Eski, hangi zamanda olursa olsun, özlemi de beraberinde getirir daima. Bir inanca, bir geleneğe, bir nesneye ya da bir kişiye olan özlem çoğu zaman varlığını korur. Gerçekten özlem duymak ne demek? Neye ve neden özlem duyarız? Belki de özlem duyulan şey, kişi, olay her ne ise onu arzuluyoruz, yani yürekten istiyoruzdur. Bu istenilenin yakın ya da uzak geçmişte olmasına değil sadece eski olana özlemimiz ve hayranlığımız vardır. Bu durum belki gerçekten eskinin daha güzel oluşundan, belki de yeniye olan sabırsızlığımızdan kaynaklanıyor olabilir.
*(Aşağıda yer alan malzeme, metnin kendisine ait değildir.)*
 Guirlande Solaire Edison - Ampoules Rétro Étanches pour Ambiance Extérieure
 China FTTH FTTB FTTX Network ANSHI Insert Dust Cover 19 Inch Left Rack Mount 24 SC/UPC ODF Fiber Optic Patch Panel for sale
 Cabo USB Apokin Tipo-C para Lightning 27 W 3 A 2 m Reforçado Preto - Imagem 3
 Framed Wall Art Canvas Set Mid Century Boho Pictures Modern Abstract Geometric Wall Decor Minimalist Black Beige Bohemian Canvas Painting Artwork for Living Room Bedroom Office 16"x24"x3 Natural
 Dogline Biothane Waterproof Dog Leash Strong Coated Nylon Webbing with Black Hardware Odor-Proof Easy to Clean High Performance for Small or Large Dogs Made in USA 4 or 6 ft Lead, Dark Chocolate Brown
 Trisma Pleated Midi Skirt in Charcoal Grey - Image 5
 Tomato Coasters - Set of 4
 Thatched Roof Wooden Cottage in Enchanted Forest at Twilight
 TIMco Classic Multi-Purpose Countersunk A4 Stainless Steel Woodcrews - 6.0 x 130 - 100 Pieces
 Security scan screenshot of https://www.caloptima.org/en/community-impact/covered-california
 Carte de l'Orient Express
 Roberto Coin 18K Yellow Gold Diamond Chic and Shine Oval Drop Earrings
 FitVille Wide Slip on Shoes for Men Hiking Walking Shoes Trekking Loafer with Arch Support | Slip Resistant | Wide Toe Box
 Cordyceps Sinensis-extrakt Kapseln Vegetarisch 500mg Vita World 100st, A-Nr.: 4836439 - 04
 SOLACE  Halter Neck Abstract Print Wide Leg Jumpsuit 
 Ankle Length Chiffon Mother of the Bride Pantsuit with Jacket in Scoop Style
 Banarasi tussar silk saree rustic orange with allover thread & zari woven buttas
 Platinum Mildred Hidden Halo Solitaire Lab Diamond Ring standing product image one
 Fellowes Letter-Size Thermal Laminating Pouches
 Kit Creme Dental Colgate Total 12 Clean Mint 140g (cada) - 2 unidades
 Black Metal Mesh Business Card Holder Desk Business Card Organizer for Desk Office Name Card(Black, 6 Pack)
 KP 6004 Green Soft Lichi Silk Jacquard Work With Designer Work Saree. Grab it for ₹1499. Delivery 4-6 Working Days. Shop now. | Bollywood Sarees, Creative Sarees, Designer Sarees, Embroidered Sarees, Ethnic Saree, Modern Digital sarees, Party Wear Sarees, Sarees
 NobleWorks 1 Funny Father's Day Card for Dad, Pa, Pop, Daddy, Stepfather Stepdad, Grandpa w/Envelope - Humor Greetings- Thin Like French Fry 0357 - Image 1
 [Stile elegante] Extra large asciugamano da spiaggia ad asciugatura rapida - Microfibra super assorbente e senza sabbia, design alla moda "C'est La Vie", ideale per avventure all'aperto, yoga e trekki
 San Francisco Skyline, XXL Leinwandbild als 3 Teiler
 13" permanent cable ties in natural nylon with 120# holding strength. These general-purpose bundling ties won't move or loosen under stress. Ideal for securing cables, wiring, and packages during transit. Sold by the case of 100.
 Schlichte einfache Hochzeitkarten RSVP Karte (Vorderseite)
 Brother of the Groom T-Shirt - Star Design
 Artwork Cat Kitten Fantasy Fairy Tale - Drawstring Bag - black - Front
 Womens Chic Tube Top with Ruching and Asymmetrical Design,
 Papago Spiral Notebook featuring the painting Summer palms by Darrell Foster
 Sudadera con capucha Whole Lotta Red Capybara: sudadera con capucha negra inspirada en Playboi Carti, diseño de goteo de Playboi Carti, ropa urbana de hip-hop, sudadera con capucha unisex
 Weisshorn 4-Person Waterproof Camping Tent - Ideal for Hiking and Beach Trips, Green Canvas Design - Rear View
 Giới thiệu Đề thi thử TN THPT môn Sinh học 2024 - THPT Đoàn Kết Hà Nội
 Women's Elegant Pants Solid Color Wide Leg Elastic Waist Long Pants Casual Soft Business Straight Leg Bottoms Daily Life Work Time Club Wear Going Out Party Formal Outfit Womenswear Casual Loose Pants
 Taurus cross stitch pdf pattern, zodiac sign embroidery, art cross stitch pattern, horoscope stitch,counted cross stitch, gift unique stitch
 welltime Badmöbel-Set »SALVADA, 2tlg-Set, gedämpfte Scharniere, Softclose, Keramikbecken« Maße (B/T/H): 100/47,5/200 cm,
Kendimizi tam hissedemediğimiz zamanlar bir şeylere, birilerine, bir yerlere özlem duyuyor olabiliriz. Hepimizin içinde bir yerlerde özlem hissi var. Bu sadece kişilere değil, yaşamlarımıza, geçmişimize, hatta kendimize yönelik bile olabiliyor.
Eskiye özlem duyduğumuz, yüzümüzü eskinin gülümsettiği zamanları düşününce, nerde o eski saf duygular diyoruz. Sahi o günkü saf duygu bugün yok mu, yoksa o günün içinde mi böyle oluyordu. Yokluk içindeydik ama huzurluyduk diye anlatılan hikâyeler… Bayram olsa da yeni bir kıyafet ya da bir çift ayakkabım olsa, odun sobasının etrafında bir taraftan soğuk bir taraftan etrafında ısınmak için yer aradığım ve sobanın üstündeki pişen çorbanın burnumda sıcacık kokusu ile oluşturduğu mutluluk gibi… anlatılar devam eder.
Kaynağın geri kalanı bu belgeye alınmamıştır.